Proprio a Torino si impone, con ogni mezzo, un primo racconto, positivo e ottimista di una città che negli ultimi vent’anni, grazie anche ad una continuità amministrativa, forse unica nel Paese, e il progressivo consolidarsi di una classe dirigente pressoché incontendibile, è diventata più bella, seduttiva e per questo turistica, pronta e attrezzata per affrontare il suo destino.

E guai se altre voci provano a raccontare ciò che camminando per le strade vedono e incontrano tutti, ogni giorno: una città, che se si esclude il suo centro aulico, permane generica, per nulla seducente, povera per non dire poverissima. Ma questo, il secondo racconto, il lato grigio delle cose, nessuno vuole ascoltarlo, in fondo che noia questi brontoli e gufi. Meglio festeggiare per i vent’anni del piano Regolatore, oppure lavare Neve e Gliz con il compressore e inventarsi la notte bianca dei dieci anni dalle Olimpiadi. Meglio? Utile? Viene da chiedersi a chi?

Ma anche più grave è la totale assenza nel dibattito di voci provenienti dal mondo accademico, anche non autorevoli, punti di vista diversi, spunti di discussione. Così mentre “il viaggio continua”, a margine della strada c’è chi osserva silente, ma con cinico disicanto.
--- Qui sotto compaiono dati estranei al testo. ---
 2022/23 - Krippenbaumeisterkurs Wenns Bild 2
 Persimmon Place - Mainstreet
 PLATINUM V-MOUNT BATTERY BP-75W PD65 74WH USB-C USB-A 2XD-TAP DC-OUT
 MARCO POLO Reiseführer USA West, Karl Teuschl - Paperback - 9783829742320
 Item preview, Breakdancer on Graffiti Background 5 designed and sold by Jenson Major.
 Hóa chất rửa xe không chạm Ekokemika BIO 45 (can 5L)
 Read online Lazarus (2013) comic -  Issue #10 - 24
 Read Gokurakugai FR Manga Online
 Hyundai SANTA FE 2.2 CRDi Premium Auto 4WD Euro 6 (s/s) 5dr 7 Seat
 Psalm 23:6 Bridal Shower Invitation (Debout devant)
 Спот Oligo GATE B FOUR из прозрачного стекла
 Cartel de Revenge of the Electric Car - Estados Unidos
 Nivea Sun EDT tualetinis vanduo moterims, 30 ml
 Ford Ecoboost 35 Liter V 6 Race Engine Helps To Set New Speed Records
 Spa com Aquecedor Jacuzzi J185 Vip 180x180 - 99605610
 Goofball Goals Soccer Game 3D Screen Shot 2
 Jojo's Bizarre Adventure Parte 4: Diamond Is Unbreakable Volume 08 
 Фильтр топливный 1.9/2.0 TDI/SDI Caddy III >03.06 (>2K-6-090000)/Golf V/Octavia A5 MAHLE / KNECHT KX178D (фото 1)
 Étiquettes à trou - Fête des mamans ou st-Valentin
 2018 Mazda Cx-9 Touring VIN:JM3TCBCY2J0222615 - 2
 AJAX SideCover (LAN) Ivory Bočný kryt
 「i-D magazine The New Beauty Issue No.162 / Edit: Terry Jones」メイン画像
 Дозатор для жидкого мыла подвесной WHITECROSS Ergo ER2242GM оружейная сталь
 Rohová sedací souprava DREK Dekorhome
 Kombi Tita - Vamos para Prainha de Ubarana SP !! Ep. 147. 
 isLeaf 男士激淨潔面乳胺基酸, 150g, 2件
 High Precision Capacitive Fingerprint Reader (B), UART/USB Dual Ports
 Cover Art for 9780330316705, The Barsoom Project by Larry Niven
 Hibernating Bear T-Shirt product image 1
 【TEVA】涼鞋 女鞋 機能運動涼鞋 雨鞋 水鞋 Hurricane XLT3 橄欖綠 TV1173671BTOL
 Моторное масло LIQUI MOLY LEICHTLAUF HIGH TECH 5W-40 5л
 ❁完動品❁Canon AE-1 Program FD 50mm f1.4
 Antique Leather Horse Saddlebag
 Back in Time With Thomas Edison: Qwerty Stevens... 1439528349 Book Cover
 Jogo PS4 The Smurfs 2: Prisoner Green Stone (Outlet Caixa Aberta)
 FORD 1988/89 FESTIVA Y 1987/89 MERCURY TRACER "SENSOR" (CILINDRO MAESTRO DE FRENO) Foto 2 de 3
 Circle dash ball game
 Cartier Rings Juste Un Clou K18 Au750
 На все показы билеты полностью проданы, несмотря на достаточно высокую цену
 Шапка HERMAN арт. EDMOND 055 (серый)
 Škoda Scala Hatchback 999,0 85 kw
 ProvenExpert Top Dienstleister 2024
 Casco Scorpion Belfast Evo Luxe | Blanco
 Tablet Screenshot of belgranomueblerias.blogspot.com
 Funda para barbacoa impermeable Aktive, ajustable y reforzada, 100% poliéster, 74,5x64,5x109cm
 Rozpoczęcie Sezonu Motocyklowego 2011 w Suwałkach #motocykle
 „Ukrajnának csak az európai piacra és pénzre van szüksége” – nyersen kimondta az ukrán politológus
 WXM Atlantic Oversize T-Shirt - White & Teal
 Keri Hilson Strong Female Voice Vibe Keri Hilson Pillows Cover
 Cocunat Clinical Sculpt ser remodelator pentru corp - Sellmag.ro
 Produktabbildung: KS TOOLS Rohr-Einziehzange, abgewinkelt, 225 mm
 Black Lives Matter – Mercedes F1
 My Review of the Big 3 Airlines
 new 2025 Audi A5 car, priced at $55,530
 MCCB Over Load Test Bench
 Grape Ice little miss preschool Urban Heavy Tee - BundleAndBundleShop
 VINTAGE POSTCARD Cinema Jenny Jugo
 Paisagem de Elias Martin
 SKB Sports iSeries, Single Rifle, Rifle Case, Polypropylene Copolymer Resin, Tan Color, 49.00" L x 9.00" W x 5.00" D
Faticoso, quasi impossibile trovare reali occasioni di confronto pubblico, ormai terreno scontato della manipolazione.

Ecco, le città, tutte le città avrebbero bisogno di un terzo racconto, sano, oggettivo, fondato su dati precisi, da leggere e interpretare in modo critico e costruttivo, per il bene di tutti, secondo scienza e coscienza. L’interpretazione della geografia sociale – prima ancora che fisica – proprio di quei margini, frontiere possibili di opportunità, richiede il contributo in dialogo di competenze diverse e specifiche provenienti da tutto il repertorio delle scienze. Di queste competenze, ciascuna portatrice di strumenti interpretativi diversi, andrebbero rafforzati gli Uffici di Urbanistica di tutte le nostre grandi città.

Purtroppo, pensare che le future politiche urbane possano nutrirsi di una stagione di coraggiose sperimentazioni, rivolte ad una ricostruzione delle condizioni di sostenibilità ambientale del paesaggio, non sembra davvero una convinzione in cui si possa confidare.

Quando oggi è già difficile pensare che della grande città, possa essere pronunciabile (e accolto) un racconto terzo di sé.